[The input]
= = = = =
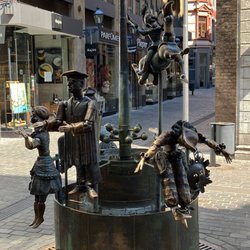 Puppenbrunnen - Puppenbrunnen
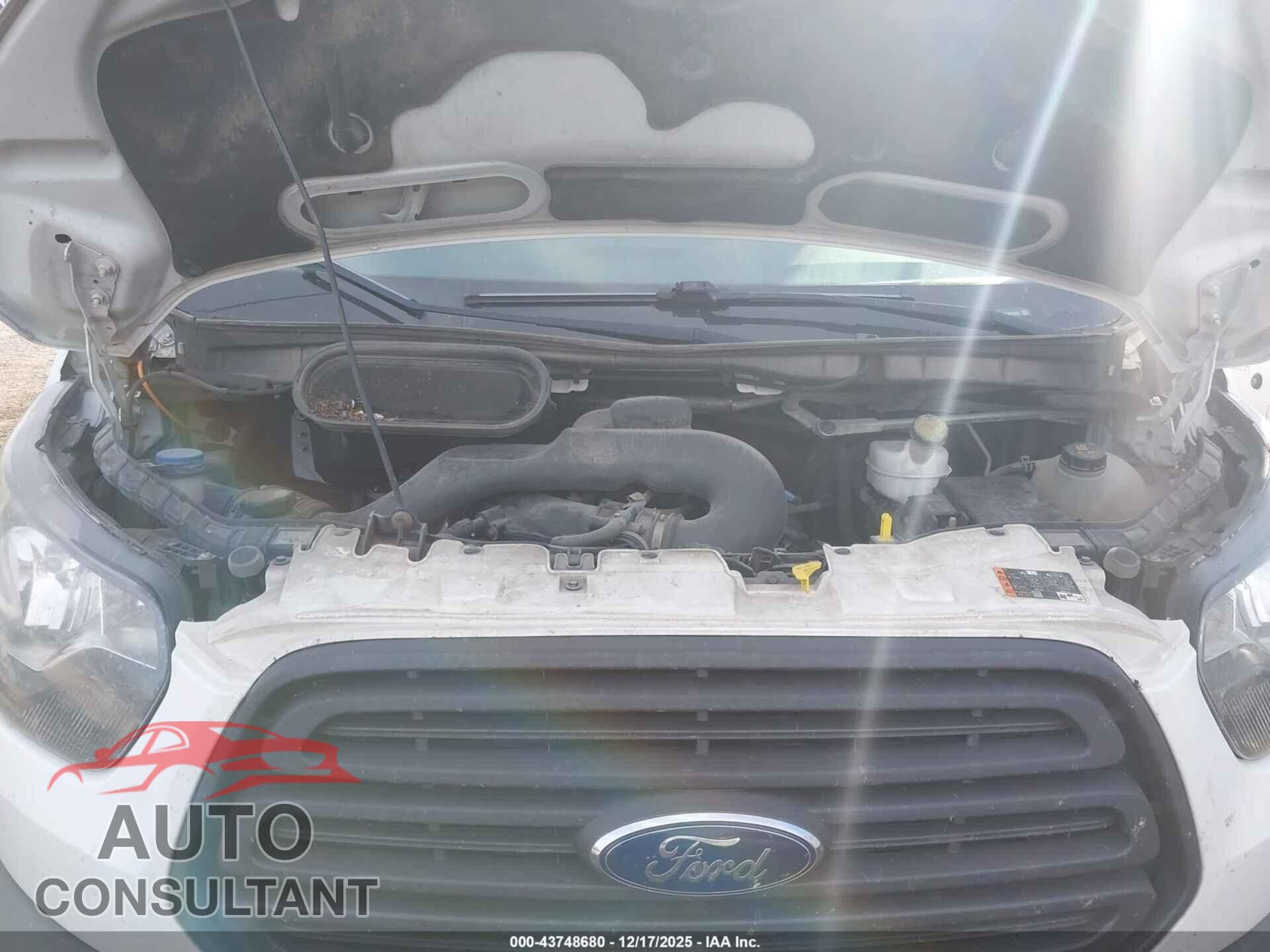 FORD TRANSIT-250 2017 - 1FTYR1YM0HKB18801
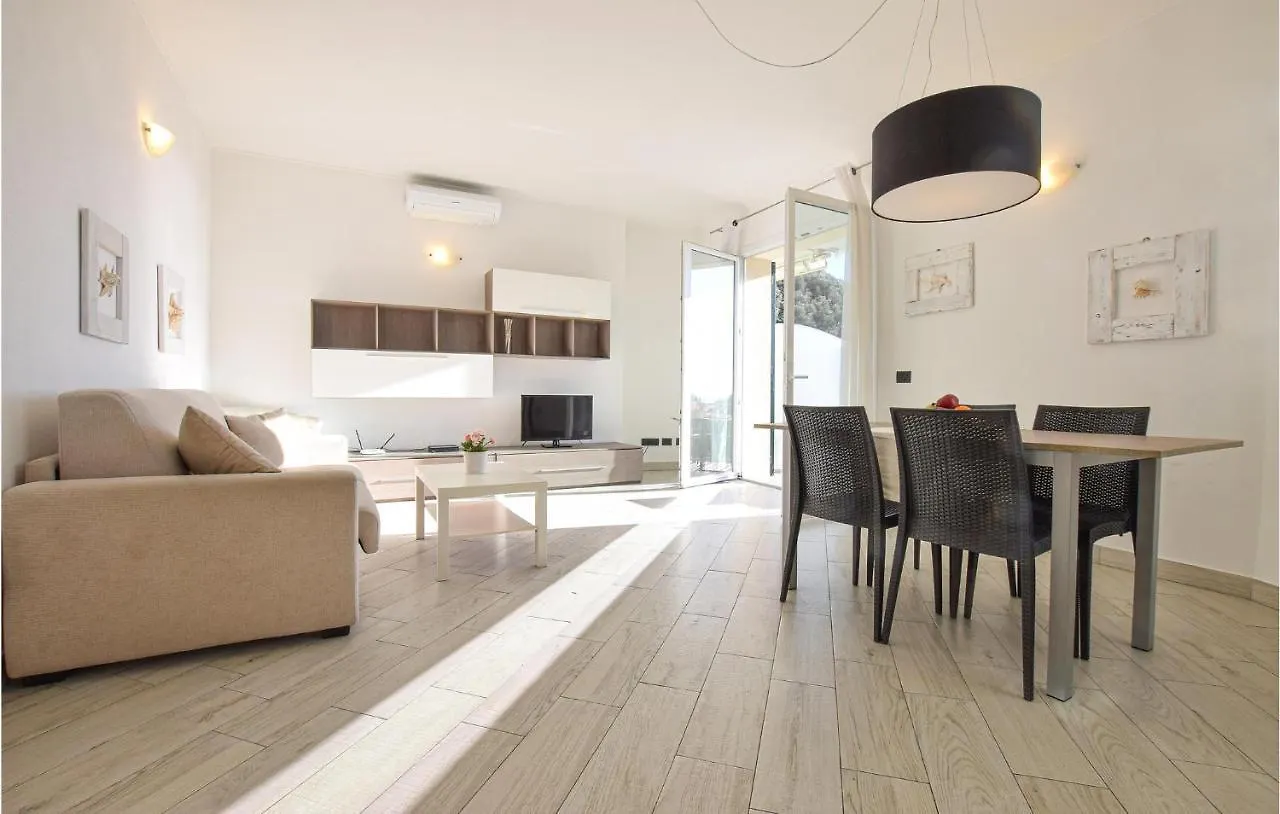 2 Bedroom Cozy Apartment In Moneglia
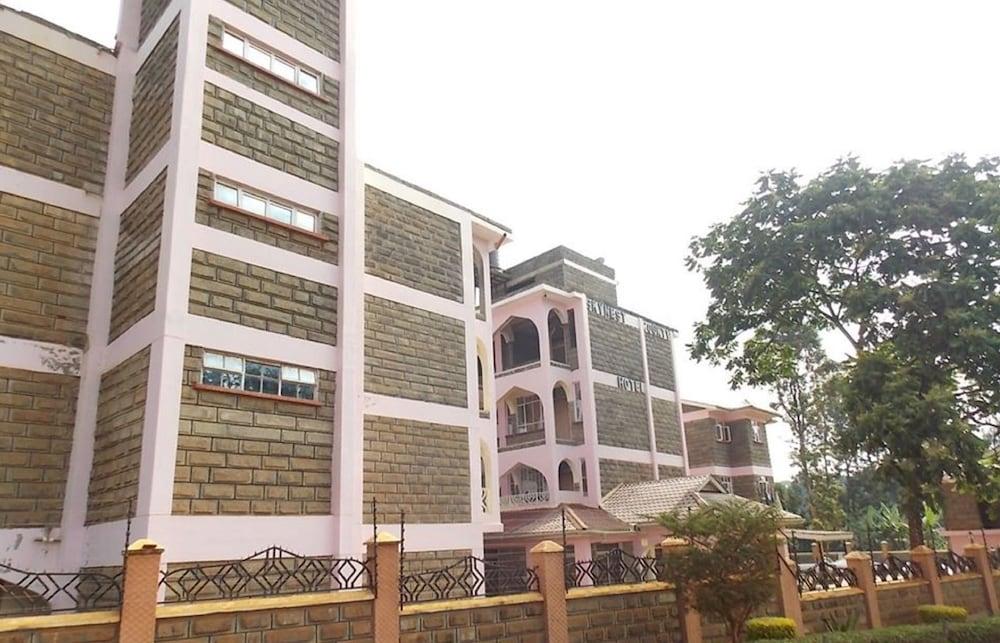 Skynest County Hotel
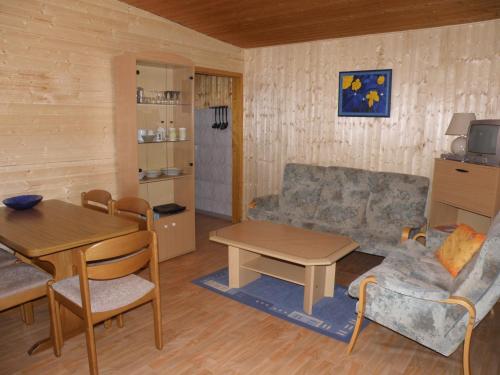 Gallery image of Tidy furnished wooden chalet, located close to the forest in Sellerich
= = = = =
[Task description] When you repeat the listing, keep it exact and leave the pictures behind.

[Solution for this problem]
 Puppenbrunnen - Puppenbrunnen
 FORD TRANSIT-250 2017 - 1FTYR1YM0HKB18801
 2 Bedroom Cozy Apartment In Moneglia
 Skynest County Hotel
 Gallery image of Tidy furnished wooden chalet, located close to the forest in Sellerich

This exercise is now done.